Although economists say the U.S. is unlikely to default on its loans, there’s a growing risk that investors could become reluctant to buy the ever-growing stock of Treasury notes.

That means America’s dire fiscal situation won’t matter until it suddenly does.

A problem lurking in the background

In 2023, the U.S. deficit ran close to 7% of GDP as the federal government borrowed $1 trillion roughly every 100 days.

According to Paul Donovan, the chief economist at UBS Global Wealth Management, the absolute size of the debt isn’t the biggest problem, as many other countries have had higher debt ratios.

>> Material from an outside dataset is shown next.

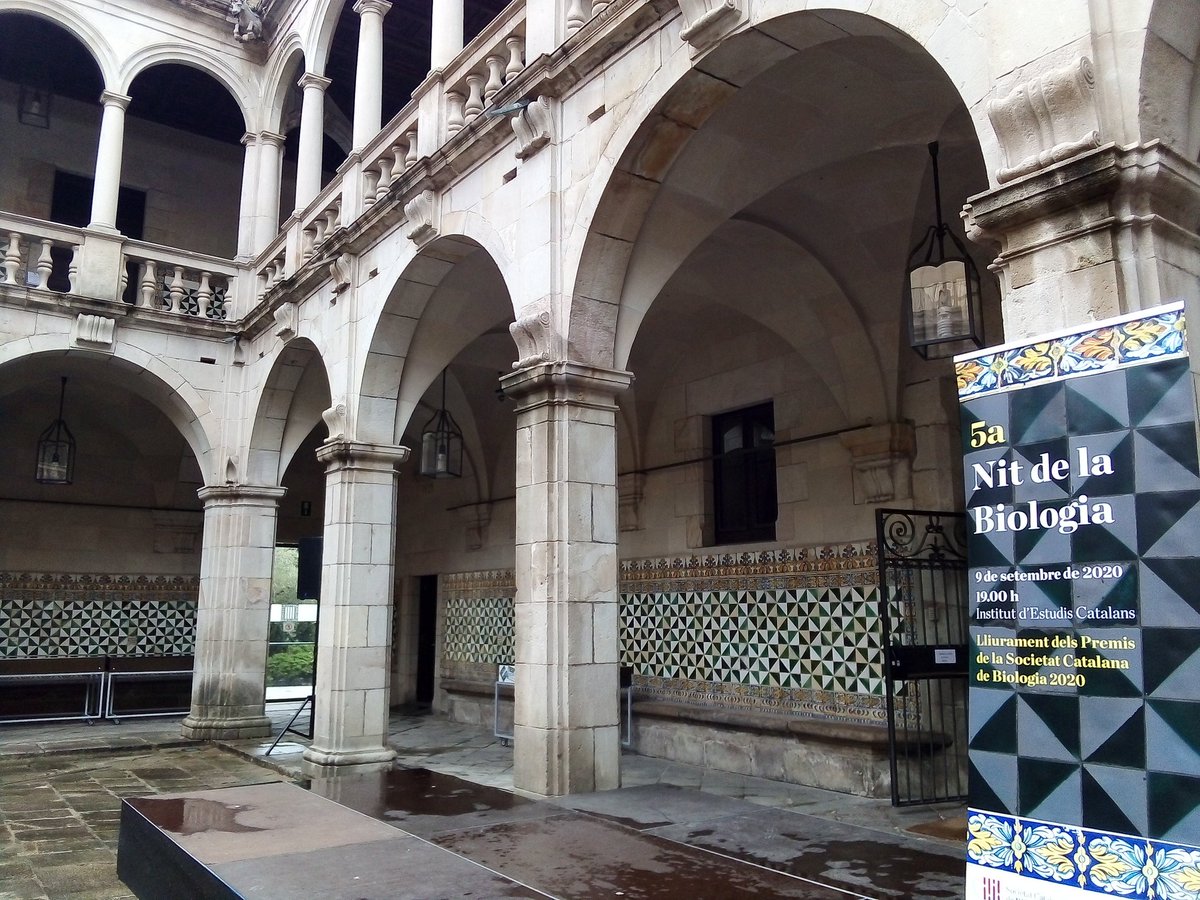 SCB_iec's tweet photo. Tot a punt per a la #NitBio2020 a l'@iec! #PremisSCB2020 https://t.co/Krv8AqJwvS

Perhaps the biggest issue is that, unlike many major economies, the U.S. isn’t taking decisive action to cut down on spending and reduce its national debt.

“The political polarization that prevents a policy for a sustainable deficit is a concern, but is probably more of a background worry for now,” Donovan told the Journal.

Although unsustainable deficit spending is not an issue at this moment, when it becomes so, it could be past the point of no return.

“The current unsustainable fiscal position will not matter until it matters, and then it will be all that matters and will affect bonds, stocks, derivatives, and the FX value of the dollar,” warned the U.K.’s National Institute for Economic and Social Research.

Based on IMF projections, the U.S. deficit will continue to grow at the same pace for at least the next five years. The IMF’s biannual Fiscal Monitor said the U.S. public debt could nearly double over 30 years.